Goal of the exercise =
Only the lines below from the one containing "- przezroczyste Etui" through the one containing "[Player Edition] PSG" belong in the answer, repeated exactly and without pictures.

Data for analysis =
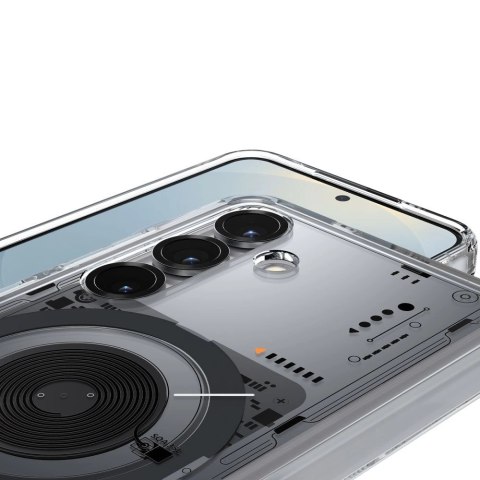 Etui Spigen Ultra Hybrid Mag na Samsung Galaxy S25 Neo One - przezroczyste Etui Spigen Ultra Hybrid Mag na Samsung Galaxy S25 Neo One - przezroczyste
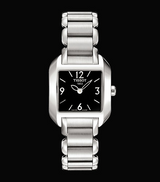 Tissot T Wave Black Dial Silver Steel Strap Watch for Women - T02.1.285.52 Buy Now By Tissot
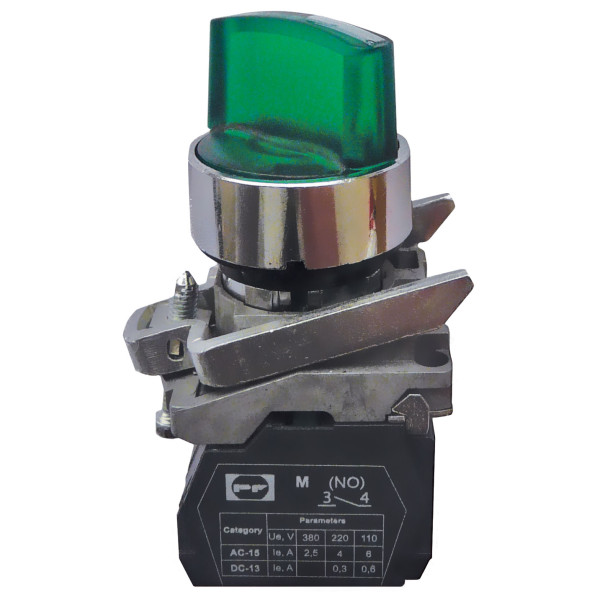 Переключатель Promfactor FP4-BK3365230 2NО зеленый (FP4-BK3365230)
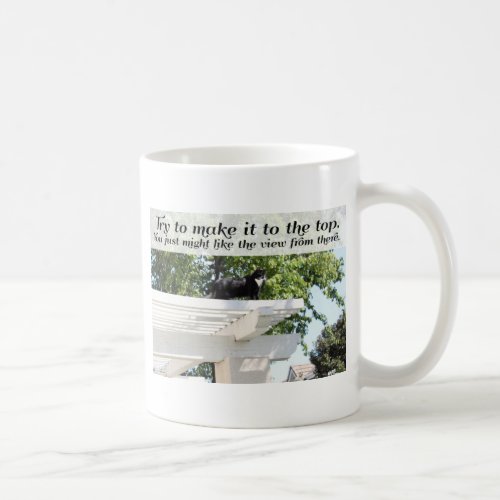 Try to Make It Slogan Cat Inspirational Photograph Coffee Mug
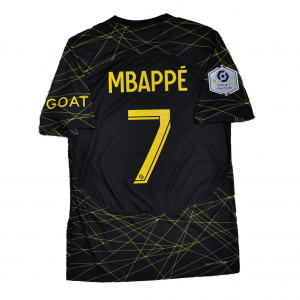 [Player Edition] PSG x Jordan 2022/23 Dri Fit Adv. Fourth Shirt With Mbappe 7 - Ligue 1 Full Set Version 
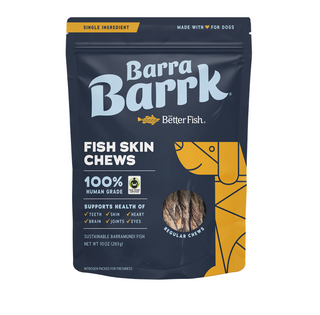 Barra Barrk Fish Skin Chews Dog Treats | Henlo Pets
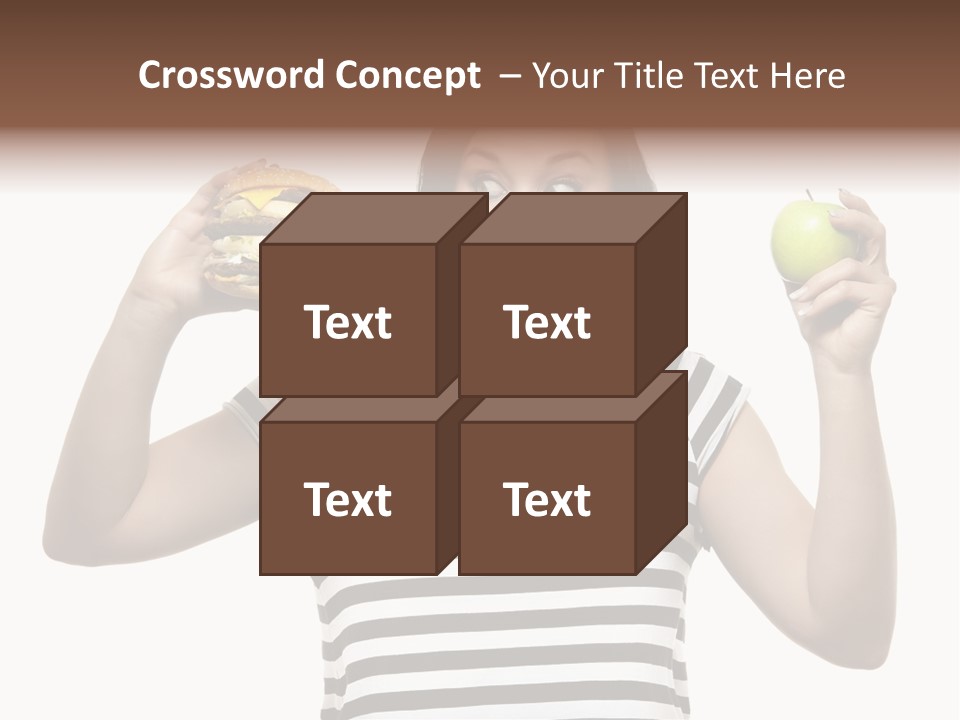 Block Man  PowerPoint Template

==

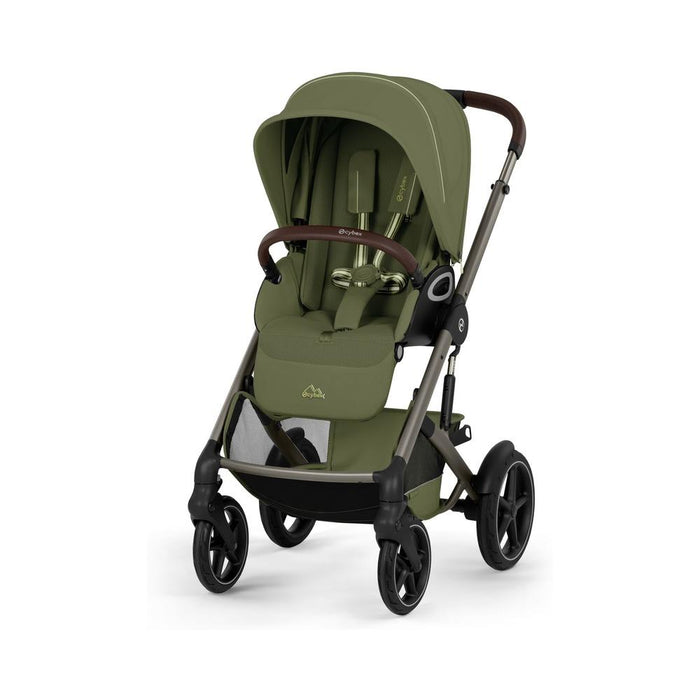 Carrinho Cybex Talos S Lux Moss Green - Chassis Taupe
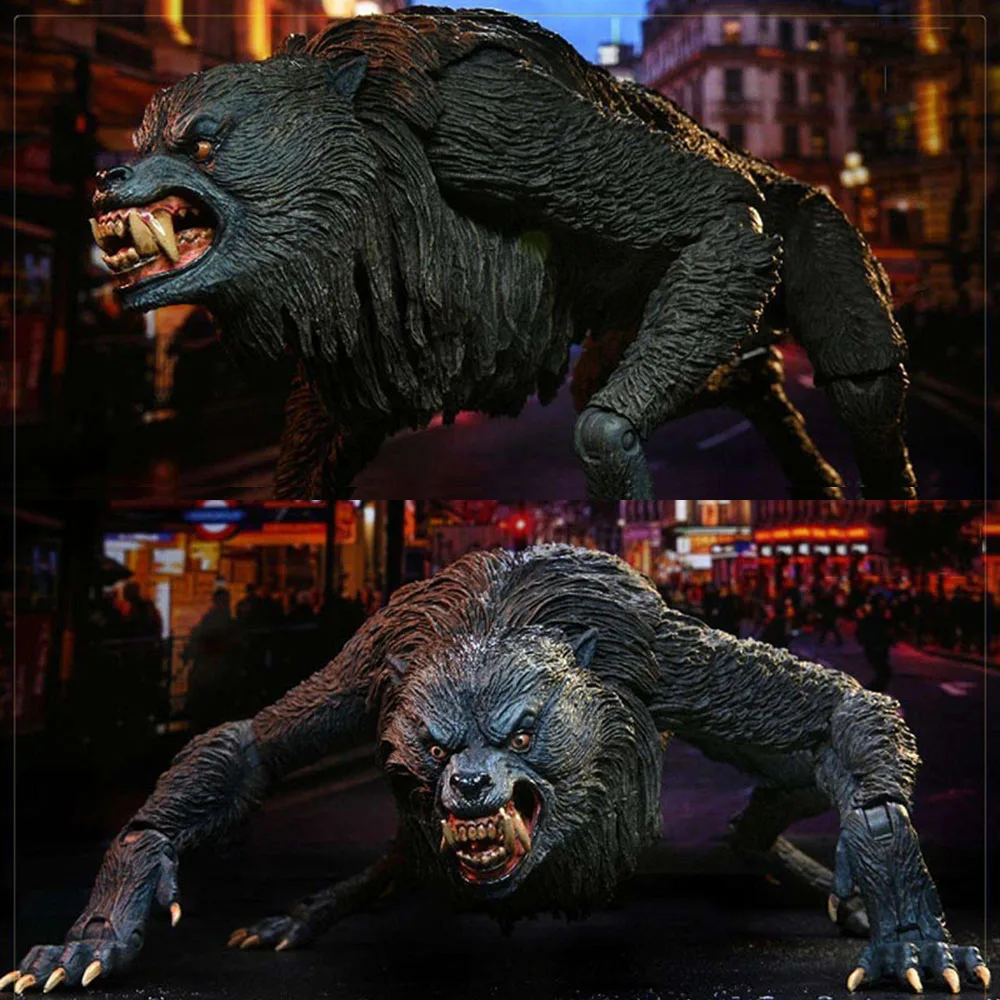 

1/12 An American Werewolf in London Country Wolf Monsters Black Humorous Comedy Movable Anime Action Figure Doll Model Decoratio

...

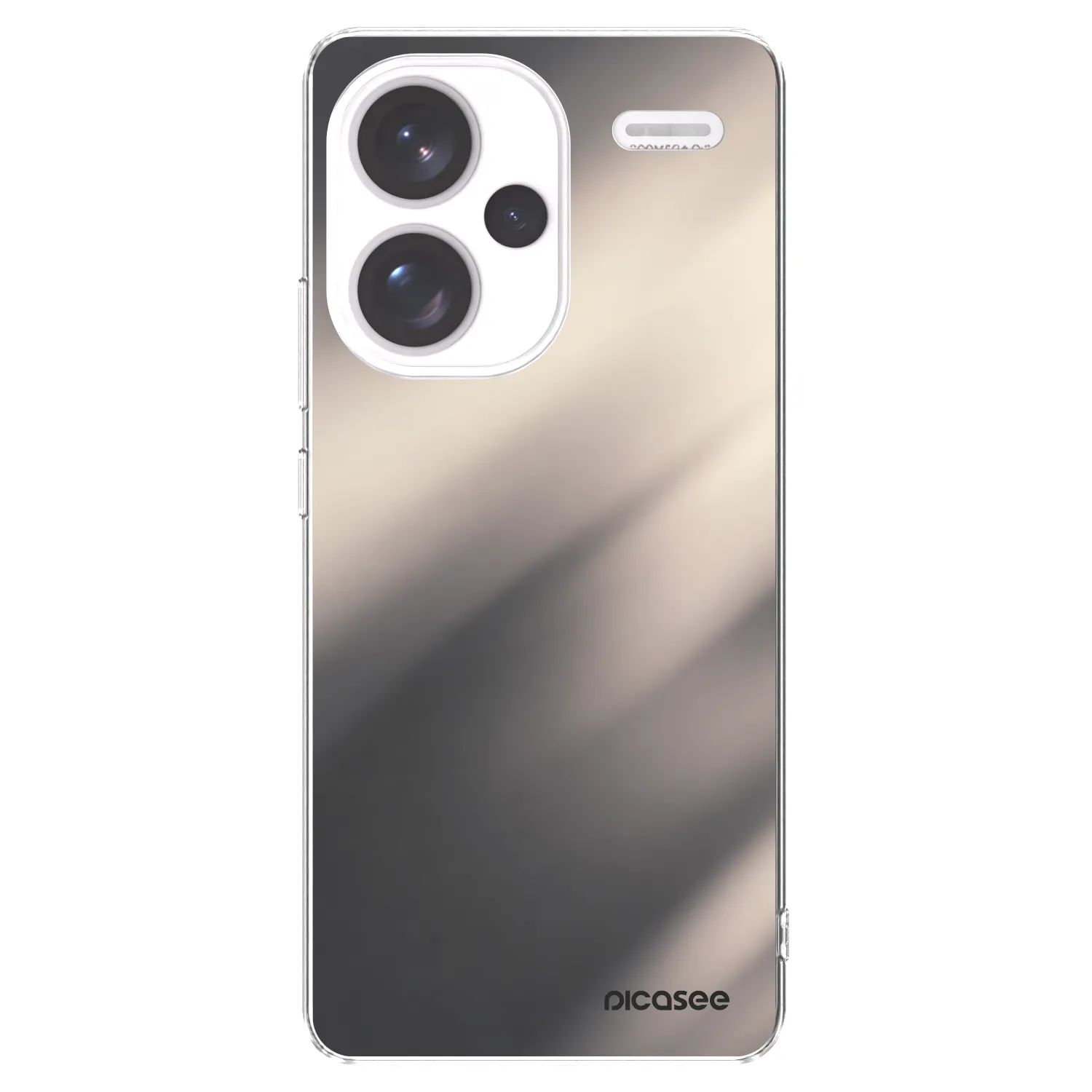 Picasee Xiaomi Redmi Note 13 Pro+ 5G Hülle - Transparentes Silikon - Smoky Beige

Result =
 Etui Spigen Ultra Hybrid Mag na Samsung Galaxy S25 Neo One - przezroczyste Etui Spigen Ultra Hybrid Mag na Samsung Galaxy S25 Neo One - przezroczyste
 Tissot T Wave Black Dial Silver Steel Strap Watch for Women - T02.1.285.52 Buy Now By Tissot
 Переключатель Promfactor FP4-BK3365230 2NО зеленый (FP4-BK3365230)
 Try to Make It Slogan Cat Inspirational Photograph Coffee Mug
 [Player Edition] PSG x Jordan 2022/23 Dri Fit Adv. Fourth Shirt With Mbappe 7 - Ligue 1 Full Set Version 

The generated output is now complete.